Web scraping from 0 to hero: creating our first Scrapy spider - Part 2
Writing a fully working scraper with Scrapy
Today we’re having a new episode of “Web Scraping from 0 to Hero”, the free web scraping course provided by The Web Scraping Club.
In the latest lesson, we started writing our first scraper with Scrapy and today we’ll finish our job, explaining the code line by line.
A brief recap from the past lesson
We needed to scrape the e-commerce website Valentino.com, so after checking with Wappalyzer there were no anti-bot and the data was publicly accessible from the web, we decided to proceed with creating a Scrapy scraper.
To do so, we launched a few commands to create the skeleton of the Scrapy project and, after having defined the output data structure, we also defined the Scrapy Item we’ll use.
Finally, we started writing the scraper that gets the URL of every product category and prints it.
From then, in this article, instead of only printing the URL of every product category, we’ll use them to crawl their pages and reach every product page, scraping the data we need to output.
How the course works
The course is and will be always free. As always, I’m here to share and not to make you buy something. If you want to say “thank you”, consider subscribing to this substack with a paid plan. It’s not mandatory but appreciated, and you’ll get access to the whole “The LAB” articles archive, with 30+ practical articles on more complex topics and its code repository.

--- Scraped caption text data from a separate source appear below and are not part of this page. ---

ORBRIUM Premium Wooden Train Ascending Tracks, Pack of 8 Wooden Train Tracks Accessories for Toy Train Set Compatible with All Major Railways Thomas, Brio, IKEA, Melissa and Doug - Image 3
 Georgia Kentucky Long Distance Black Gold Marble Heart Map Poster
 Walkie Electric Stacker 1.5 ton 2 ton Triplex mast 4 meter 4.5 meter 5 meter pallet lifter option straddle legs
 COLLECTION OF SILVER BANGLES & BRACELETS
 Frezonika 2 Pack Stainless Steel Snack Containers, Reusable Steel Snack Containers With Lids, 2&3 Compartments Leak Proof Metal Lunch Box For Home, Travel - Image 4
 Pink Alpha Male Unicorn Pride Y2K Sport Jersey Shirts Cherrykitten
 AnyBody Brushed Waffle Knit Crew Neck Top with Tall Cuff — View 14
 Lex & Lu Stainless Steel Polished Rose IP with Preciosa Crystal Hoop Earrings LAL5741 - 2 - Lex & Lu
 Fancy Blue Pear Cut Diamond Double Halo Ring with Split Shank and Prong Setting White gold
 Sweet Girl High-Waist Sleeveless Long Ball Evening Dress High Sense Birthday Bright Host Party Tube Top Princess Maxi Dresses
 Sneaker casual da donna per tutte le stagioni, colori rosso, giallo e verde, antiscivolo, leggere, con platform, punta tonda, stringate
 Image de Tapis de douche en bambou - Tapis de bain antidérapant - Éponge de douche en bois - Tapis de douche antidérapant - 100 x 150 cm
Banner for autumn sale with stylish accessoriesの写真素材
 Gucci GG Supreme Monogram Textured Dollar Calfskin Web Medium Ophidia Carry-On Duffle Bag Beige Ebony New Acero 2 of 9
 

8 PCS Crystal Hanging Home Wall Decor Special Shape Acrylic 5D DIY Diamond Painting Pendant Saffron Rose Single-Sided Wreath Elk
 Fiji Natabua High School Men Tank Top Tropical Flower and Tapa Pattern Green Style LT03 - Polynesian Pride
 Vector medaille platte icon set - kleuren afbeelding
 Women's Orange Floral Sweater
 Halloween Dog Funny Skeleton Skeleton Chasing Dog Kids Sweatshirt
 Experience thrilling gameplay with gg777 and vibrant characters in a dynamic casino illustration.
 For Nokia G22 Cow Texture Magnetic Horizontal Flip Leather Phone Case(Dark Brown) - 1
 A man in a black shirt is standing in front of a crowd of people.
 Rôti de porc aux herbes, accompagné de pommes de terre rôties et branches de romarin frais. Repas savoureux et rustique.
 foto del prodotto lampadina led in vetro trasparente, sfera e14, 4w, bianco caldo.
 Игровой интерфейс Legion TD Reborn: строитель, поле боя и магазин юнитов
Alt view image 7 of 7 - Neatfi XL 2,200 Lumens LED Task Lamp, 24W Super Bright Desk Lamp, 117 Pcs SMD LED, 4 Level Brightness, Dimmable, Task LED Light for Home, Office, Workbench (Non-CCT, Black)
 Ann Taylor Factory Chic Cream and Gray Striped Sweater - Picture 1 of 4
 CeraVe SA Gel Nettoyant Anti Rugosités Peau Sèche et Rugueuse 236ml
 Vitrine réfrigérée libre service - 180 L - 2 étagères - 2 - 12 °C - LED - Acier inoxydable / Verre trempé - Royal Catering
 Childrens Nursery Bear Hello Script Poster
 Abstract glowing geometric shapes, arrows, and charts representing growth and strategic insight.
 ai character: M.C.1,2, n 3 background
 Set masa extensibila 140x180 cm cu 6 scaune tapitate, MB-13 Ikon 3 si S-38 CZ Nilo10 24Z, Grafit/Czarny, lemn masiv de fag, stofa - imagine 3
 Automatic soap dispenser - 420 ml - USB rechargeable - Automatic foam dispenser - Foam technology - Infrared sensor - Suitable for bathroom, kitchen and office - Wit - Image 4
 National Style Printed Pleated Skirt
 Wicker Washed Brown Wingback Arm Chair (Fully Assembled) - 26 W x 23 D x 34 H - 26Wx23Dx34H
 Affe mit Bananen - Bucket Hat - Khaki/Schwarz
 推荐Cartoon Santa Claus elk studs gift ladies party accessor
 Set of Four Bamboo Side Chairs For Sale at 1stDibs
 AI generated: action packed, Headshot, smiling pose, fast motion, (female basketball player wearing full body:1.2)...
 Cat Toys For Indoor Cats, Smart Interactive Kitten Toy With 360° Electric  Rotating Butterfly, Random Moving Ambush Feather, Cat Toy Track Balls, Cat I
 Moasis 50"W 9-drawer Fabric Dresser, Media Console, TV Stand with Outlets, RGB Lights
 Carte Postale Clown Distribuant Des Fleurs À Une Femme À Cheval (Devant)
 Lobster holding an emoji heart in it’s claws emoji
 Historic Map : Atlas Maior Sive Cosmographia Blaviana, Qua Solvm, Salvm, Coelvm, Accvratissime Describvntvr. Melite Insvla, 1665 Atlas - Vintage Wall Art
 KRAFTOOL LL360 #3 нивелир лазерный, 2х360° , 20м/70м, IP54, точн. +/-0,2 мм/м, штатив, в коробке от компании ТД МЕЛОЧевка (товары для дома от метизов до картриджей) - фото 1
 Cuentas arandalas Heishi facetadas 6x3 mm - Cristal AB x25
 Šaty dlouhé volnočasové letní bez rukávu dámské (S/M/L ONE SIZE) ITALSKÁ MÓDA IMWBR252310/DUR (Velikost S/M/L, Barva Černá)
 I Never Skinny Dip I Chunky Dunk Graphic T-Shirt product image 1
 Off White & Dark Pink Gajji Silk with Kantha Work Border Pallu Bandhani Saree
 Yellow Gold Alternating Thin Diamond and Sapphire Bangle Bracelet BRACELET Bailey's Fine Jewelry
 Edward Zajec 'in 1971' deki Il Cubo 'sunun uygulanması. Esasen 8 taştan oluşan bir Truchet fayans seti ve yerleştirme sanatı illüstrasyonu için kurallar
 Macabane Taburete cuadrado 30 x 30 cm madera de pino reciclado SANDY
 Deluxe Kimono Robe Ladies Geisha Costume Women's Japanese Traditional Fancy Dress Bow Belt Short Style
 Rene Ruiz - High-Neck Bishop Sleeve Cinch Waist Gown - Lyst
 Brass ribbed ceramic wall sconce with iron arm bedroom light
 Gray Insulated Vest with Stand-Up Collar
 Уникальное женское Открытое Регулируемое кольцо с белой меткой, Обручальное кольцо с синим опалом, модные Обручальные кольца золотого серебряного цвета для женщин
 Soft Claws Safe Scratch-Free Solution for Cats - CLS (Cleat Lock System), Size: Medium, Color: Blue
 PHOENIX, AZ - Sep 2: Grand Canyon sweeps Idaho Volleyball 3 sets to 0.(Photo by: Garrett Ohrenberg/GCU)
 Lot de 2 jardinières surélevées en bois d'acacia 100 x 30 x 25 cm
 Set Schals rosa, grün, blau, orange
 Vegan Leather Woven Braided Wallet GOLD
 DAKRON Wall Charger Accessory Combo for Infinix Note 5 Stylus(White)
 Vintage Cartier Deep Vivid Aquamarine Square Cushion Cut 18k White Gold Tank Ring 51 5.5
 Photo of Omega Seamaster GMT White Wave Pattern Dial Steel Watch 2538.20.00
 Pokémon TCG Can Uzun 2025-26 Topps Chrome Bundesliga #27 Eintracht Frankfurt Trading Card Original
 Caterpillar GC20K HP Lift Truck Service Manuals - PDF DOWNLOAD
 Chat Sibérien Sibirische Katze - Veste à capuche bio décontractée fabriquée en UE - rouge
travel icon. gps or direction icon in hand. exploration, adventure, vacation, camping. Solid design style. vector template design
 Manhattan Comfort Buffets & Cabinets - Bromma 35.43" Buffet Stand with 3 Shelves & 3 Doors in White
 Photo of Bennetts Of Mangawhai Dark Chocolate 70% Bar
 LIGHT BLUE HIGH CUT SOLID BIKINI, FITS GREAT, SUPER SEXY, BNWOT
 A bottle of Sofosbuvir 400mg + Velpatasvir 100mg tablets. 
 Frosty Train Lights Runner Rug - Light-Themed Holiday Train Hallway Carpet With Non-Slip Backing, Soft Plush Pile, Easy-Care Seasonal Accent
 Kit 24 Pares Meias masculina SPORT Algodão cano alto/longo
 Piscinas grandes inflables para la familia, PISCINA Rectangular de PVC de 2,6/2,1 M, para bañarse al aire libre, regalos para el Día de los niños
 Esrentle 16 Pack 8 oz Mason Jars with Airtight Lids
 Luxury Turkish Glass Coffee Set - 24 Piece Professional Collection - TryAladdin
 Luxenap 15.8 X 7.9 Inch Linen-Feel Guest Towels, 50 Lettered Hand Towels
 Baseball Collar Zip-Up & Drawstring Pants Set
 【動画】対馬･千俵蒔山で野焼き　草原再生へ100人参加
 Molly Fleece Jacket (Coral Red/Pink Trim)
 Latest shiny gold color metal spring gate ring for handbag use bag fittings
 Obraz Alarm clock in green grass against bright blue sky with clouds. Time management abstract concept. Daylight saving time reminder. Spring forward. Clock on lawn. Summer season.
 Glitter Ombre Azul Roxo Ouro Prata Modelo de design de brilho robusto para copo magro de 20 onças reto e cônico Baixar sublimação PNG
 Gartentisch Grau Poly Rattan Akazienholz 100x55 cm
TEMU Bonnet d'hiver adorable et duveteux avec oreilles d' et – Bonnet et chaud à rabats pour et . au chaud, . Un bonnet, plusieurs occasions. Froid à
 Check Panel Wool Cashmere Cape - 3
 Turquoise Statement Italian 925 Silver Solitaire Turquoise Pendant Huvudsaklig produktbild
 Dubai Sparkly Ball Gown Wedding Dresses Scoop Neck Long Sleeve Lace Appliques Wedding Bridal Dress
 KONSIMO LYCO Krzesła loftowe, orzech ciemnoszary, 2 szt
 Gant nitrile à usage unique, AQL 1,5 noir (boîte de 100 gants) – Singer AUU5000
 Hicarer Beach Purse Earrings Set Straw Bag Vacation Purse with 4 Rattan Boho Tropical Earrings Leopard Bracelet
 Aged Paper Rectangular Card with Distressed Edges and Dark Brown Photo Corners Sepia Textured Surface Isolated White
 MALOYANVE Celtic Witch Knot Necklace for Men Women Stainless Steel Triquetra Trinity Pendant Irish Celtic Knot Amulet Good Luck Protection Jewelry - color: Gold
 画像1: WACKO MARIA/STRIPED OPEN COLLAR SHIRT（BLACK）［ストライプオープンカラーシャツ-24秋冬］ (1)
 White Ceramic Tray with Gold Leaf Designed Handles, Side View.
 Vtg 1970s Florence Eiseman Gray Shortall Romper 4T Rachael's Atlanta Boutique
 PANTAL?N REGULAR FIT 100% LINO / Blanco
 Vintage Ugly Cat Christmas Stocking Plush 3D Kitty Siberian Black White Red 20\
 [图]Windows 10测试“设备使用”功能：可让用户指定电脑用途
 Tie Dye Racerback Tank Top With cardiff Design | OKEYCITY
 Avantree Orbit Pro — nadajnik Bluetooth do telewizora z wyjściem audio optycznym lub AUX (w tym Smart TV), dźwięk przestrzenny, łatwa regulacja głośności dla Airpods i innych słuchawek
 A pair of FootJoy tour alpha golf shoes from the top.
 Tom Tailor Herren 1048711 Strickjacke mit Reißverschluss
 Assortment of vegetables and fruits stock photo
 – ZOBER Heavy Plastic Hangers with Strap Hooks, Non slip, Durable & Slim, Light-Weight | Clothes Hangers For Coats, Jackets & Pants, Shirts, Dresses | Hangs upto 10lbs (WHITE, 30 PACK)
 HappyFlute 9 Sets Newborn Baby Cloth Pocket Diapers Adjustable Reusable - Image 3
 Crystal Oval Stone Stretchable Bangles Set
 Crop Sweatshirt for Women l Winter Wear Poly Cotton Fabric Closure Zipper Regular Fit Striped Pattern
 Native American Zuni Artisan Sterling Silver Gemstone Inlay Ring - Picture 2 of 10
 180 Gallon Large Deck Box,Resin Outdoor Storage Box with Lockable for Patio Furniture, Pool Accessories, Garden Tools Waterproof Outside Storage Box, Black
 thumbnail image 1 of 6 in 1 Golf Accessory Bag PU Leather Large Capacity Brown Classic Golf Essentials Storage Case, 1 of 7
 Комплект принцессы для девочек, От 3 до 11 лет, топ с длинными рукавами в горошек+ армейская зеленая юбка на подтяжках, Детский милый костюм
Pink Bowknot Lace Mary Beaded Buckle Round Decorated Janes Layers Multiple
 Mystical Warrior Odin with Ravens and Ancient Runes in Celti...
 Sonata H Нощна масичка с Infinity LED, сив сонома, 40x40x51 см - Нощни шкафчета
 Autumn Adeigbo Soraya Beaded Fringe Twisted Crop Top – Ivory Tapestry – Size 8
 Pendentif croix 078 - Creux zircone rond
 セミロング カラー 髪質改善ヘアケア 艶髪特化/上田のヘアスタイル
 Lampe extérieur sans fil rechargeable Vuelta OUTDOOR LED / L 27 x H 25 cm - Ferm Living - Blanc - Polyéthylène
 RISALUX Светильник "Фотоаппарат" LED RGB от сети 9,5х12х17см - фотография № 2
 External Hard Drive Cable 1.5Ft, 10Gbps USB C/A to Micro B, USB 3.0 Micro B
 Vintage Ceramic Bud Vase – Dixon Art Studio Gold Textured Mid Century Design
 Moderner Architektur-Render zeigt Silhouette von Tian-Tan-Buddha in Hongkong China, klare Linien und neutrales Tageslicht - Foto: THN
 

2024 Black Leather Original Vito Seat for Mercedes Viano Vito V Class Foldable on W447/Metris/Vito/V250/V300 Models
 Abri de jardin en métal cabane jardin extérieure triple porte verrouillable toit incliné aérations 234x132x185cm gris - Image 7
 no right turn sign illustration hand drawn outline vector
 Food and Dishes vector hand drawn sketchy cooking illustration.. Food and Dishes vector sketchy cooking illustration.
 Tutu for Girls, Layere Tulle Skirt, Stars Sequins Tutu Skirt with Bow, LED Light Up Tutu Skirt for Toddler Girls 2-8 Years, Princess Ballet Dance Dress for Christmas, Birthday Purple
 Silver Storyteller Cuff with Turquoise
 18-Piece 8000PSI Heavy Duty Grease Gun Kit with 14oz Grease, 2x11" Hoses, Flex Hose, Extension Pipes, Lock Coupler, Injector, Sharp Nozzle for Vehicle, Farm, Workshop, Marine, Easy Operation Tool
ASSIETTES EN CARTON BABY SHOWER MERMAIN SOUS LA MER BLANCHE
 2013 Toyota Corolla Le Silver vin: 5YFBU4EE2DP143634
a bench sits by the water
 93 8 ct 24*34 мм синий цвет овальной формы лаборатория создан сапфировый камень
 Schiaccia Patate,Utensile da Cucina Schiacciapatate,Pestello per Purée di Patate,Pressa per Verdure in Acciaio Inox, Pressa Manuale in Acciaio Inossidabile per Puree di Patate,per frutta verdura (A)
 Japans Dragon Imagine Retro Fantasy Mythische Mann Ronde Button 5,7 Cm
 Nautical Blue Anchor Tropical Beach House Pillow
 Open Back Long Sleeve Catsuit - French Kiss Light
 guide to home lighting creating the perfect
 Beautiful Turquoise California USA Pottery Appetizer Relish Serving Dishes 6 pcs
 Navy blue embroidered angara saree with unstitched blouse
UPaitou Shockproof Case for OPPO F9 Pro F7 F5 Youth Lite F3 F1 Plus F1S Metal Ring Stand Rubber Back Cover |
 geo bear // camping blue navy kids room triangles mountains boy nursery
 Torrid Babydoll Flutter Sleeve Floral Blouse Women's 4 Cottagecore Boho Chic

We’ll see free-to-use packages and solutions and if there will be some commercial ones, it’s because they are solutions that I’ve already tested and solve issues I cannot do in other ways.
At first, I imagined this course being a monthly issue but as I was writing down the table of content, I realized it would take years to complete writing it. So probably it will have a bi-weekly frequency, filling the gaps in the publishing plan without taking too much space at the expense of more in-depth articles.
The collection of articles can be found using the tag WSF0TH and there will be a section on the main substack page.
Crawling product categories
Once we get the product categories’ URLs from the home page, we need to use them as input for requests.
As a first step, we need to import the Scrapy implementation of requests with the following line
from scrapy.http import Request
and then make a request per each URL we retrieved in the previous step.
categories = response.xpath('//a[@class="column-element"]/@href').extract()
for category in categories:
print(category)
yield Request(category, callback=self.parse_product_category)
Scrapy Requests Basics
The syntax just seen is quite easy to explain: we pass a URL, in this case inside the variable named category, and the callback parameter, which indicates a function that will handle the response of the request.
In web scraping projects, two main aspects to consider when making a request are the cookies handling and their headers.
Both these features can be controlled on the settings.py file of our projects.
We can set the default headers for every request made in the scraper setting the variable DEFAULT_REQUEST_HEADERS with a JSON that mimics real browser request headers.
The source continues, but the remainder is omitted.